DATASET ENTRIES START
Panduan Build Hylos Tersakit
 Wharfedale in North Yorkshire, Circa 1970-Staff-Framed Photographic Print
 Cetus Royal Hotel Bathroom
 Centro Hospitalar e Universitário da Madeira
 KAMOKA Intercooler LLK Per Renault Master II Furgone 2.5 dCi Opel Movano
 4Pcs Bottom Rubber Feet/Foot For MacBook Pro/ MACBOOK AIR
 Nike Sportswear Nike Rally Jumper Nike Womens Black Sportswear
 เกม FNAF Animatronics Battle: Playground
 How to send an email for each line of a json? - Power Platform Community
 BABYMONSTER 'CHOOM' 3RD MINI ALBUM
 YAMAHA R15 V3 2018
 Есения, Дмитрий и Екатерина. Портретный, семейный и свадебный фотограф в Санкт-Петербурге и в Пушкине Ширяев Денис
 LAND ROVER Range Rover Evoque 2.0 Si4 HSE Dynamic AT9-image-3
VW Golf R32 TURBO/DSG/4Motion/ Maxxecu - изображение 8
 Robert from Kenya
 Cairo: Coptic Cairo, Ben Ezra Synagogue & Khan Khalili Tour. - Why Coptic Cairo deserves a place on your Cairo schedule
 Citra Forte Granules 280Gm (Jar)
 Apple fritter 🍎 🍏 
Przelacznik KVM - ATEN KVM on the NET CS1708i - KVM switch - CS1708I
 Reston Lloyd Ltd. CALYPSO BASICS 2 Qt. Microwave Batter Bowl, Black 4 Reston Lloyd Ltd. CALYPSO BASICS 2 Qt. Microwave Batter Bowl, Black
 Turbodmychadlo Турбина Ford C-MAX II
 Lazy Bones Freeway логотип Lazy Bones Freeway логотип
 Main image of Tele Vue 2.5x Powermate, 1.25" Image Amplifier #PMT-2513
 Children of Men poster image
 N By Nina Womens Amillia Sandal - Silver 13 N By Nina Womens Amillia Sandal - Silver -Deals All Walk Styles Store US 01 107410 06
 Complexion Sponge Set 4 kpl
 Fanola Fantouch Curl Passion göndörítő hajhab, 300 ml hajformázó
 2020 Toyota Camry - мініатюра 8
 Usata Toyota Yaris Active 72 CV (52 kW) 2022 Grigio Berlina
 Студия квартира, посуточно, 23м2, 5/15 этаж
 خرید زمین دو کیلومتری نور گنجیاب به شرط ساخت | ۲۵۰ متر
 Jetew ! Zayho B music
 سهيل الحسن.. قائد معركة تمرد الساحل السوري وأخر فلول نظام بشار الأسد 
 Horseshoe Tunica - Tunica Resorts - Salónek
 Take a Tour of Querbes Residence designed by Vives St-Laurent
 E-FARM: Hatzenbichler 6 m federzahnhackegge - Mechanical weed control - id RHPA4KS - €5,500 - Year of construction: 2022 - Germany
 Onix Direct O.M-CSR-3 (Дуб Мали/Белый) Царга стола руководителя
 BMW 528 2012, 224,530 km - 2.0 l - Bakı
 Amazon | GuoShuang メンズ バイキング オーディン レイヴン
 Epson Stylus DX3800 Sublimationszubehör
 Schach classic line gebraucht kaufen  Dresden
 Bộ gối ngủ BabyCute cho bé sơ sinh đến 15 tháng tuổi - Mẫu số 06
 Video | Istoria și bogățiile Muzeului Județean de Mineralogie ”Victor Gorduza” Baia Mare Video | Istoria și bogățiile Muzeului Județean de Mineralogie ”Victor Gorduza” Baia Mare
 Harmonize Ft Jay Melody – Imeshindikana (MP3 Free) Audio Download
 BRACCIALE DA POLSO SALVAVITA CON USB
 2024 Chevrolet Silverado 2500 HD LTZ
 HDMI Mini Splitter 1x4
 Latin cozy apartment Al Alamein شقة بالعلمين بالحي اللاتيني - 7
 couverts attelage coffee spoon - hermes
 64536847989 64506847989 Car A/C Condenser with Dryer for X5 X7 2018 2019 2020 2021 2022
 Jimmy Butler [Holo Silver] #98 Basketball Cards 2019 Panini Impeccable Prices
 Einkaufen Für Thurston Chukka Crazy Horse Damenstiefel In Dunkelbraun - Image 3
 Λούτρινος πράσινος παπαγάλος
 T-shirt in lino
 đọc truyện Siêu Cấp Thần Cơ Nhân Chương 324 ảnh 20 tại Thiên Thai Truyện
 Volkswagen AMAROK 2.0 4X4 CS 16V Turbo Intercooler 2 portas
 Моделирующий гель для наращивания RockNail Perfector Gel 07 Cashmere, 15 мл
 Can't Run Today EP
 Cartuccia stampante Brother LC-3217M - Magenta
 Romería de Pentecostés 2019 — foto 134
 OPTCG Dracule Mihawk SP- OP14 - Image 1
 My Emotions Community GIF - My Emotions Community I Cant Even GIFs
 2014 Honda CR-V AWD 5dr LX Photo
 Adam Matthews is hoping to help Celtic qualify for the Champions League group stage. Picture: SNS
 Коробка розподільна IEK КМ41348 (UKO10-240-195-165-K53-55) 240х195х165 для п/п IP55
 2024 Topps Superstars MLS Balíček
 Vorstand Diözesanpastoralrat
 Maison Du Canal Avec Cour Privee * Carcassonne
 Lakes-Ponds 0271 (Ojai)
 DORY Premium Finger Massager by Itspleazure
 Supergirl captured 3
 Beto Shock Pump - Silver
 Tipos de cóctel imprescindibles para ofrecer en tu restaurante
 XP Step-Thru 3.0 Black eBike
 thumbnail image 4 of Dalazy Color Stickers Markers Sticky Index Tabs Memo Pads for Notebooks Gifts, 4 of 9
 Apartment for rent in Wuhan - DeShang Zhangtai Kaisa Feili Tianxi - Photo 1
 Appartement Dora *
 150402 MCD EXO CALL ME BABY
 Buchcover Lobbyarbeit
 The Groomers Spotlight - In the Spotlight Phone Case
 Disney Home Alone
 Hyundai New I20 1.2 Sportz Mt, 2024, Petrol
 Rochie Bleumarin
DATASET ENTRIES END
▶ **WORK REQUIRED**: Starting at the line that has "4Pcs Bottom Rubber" and ending at the line that has "Bộ gối ngủ BabyCute", please write out the lines above exactly, leaving out all others.

▶ **ANSWER SPACE**:
 4Pcs Bottom Rubber Feet/Foot For MacBook Pro/ MACBOOK AIR
 Nike Sportswear Nike Rally Jumper Nike Womens Black Sportswear
 เกม FNAF Animatronics Battle: Playground
 How to send an email for each line of a json? - Power Platform Community
 BABYMONSTER 'CHOOM' 3RD MINI ALBUM
 YAMAHA R15 V3 2018
 Есения, Дмитрий и Екатерина. Портретный, семейный и свадебный фотограф в Санкт-Петербурге и в Пушкине Ширяев Денис
 LAND ROVER Range Rover Evoque 2.0 Si4 HSE Dynamic AT9-image-3
VW Golf R32 TURBO/DSG/4Motion/ Maxxecu - изображение 8
 Robert from Kenya
 Cairo: Coptic Cairo, Ben Ezra Synagogue & Khan Khalili Tour. - Why Coptic Cairo deserves a place on your Cairo schedule
 Citra Forte Granules 280Gm (Jar)
 Apple fritter 🍎 🍏 
Przelacznik KVM - ATEN KVM on the NET CS1708i - KVM switch - CS1708I
 Reston Lloyd Ltd. CALYPSO BASICS 2 Qt. Microwave Batter Bowl, Black 4 Reston Lloyd Ltd. CALYPSO BASICS 2 Qt. Microwave Batter Bowl, Black
 Turbodmychadlo Турбина Ford C-MAX II
 Lazy Bones Freeway логотип Lazy Bones Freeway логотип
 Main image of Tele Vue 2.5x Powermate, 1.25" Image Amplifier #PMT-2513
 Children of Men poster image
 N By Nina Womens Amillia Sandal - Silver 13 N By Nina Womens Amillia Sandal - Silver -Deals All Walk Styles Store US 01 107410 06
 Complexion Sponge Set 4 kpl
 Fanola Fantouch Curl Passion göndörítő hajhab, 300 ml hajformázó
 2020 Toyota Camry - мініатюра 8
 Usata Toyota Yaris Active 72 CV (52 kW) 2022 Grigio Berlina
 Студия квартира, посуточно, 23м2, 5/15 этаж
 خرید زمین دو کیلومتری نور گنجیاب به شرط ساخت | ۲۵۰ متر
 Jetew ! Zayho B music
 سهيل الحسن.. قائد معركة تمرد الساحل السوري وأخر فلول نظام بشار الأسد 
 Horseshoe Tunica - Tunica Resorts - Salónek
 Take a Tour of Querbes Residence designed by Vives St-Laurent
 E-FARM: Hatzenbichler 6 m federzahnhackegge - Mechanical weed control - id RHPA4KS - €5,500 - Year of construction: 2022 - Germany
 Onix Direct O.M-CSR-3 (Дуб Мали/Белый) Царга стола руководителя
 BMW 528 2012, 224,530 km - 2.0 l - Bakı
 Amazon | GuoShuang メンズ バイキング オーディン レイヴン
 Epson Stylus DX3800 Sublimationszubehör
 Schach classic line gebraucht kaufen  Dresden
 Bộ gối ngủ BabyCute cho bé sơ sinh đến 15 tháng tuổi - Mẫu số 06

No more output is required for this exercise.